Tempting, juicy, and sweet, strawberries entice us with their edibility. They’re impossible to resist, plus so very versatile. But are you getting the most from them? With a few storage, prep, and cooking tricks up your sleeve, you can make the most of succulent strawberries…in season, or not.
In season: Late spring and early summer
How to buy: Buy organic strawberries, since conventional strawberries are high in pesticides
How to store: Store uncovered at room temperature for 1 to 2 days, or in the fridge for up to 7 days
When Are Strawberries in Season?
We’re accustomed to seeing strawberries in markets year-sound, but in truth, strawberries are a late spring and early summer crop. That’s when they’re at their most flavorful.
Perhaps more than any other fruit, strawberries harvested on off-peak seasons can’t hold a candle to ones enjoyed in season. In southern areas, strawberries may be ready as early as March. But in many places, strawberries reach their peak in May and June.
If you love eating raw berries, this is when to do it.

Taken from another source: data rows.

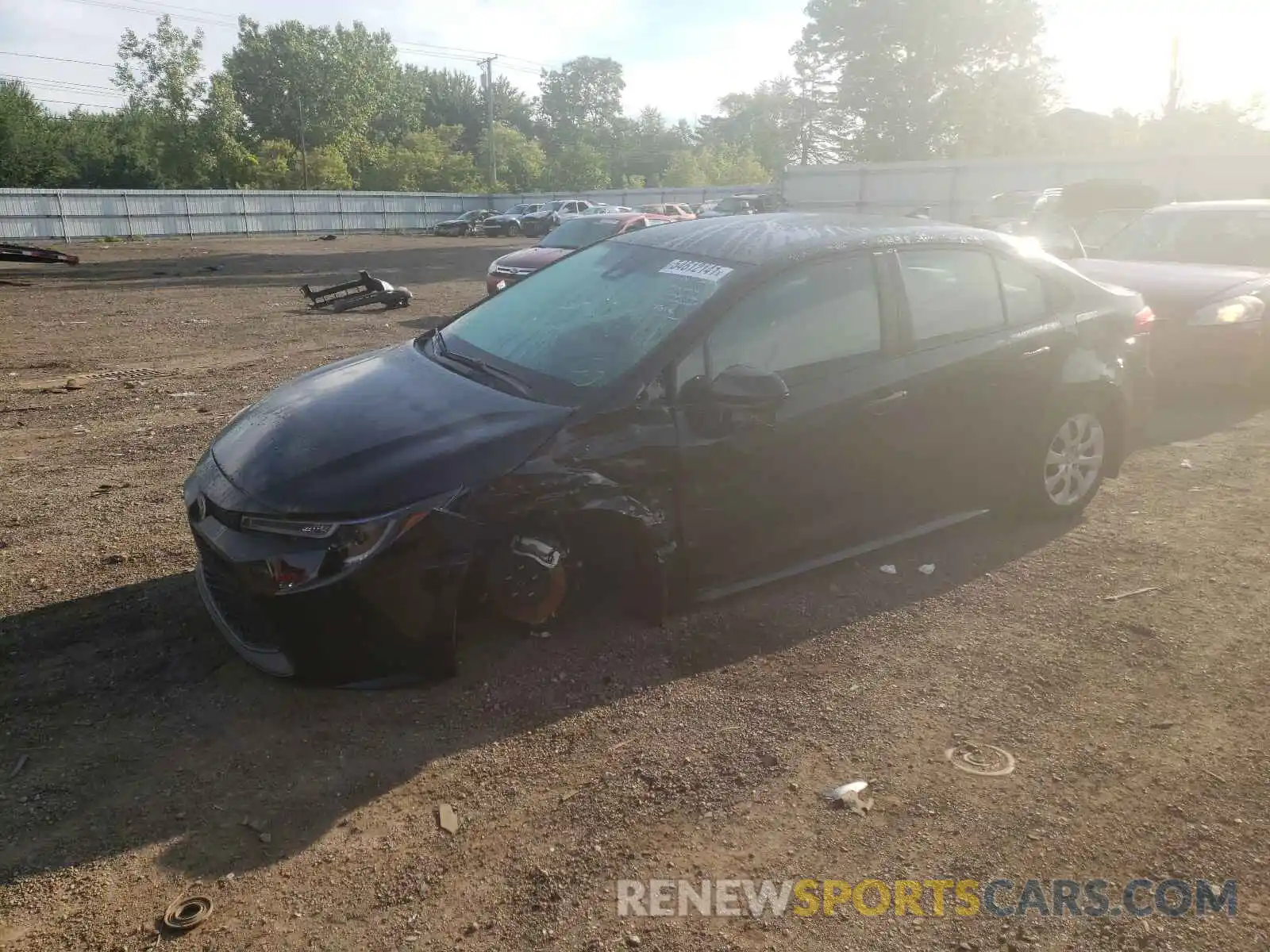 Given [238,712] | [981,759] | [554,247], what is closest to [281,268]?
[554,247]

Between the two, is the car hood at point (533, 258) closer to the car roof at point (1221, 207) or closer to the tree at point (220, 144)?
the car roof at point (1221, 207)

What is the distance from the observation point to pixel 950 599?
4.38 metres

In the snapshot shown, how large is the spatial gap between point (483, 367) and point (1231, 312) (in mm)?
6731

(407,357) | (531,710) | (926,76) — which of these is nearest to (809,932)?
(531,710)

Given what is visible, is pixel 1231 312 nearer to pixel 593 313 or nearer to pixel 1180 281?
pixel 1180 281

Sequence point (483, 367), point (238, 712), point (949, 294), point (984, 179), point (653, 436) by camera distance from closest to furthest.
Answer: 1. point (238, 712)
2. point (653, 436)
3. point (483, 367)
4. point (949, 294)
5. point (984, 179)

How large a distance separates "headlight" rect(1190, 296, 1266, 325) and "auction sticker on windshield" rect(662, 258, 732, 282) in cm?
558

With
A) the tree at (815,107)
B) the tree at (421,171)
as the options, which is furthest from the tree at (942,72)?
the tree at (421,171)

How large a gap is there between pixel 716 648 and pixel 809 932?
1512 mm

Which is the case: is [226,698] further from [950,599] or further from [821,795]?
[950,599]

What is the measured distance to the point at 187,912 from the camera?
2.45 m

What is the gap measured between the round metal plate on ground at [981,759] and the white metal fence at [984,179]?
87.1 ft

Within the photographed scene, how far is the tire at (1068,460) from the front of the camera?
4996mm

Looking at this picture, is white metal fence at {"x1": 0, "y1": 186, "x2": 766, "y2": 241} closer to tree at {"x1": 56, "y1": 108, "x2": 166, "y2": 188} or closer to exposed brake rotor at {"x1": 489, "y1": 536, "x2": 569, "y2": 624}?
tree at {"x1": 56, "y1": 108, "x2": 166, "y2": 188} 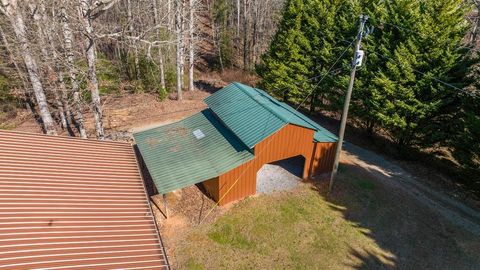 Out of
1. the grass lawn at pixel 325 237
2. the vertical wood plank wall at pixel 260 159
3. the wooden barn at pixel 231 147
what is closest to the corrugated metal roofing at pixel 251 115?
the wooden barn at pixel 231 147

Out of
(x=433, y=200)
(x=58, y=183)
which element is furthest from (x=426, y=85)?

The strawberries you see at the store were bred to be sturdy, with a long shelf life. Strawberries from farmers’ markets, u-pick farms, and your own garden will inevitably have the best taste, though their heartiness is fleeting.
- Chandler: Initially bred for commercial cultivation, this variety thrives in many zones, yields well, and has an intense flavor. It’s a popular choice for home gardeners.
- Fraises de Bois: These tiny wild strawberries (Fragaria vesca) go by many names, including alpine strawberries and woodland strawberries (“fraises de bois” means “strawberries of the forest”). Their delicate structure means you’ll find them in gardens and wilds only, not at stores and markets.
- Pineberries: These alien-looking novelties are all white when ripe, with a pink or orange tinge to their flesh. Pineberries are a relatively new cross-bred variety and have a slight pineapple flavor.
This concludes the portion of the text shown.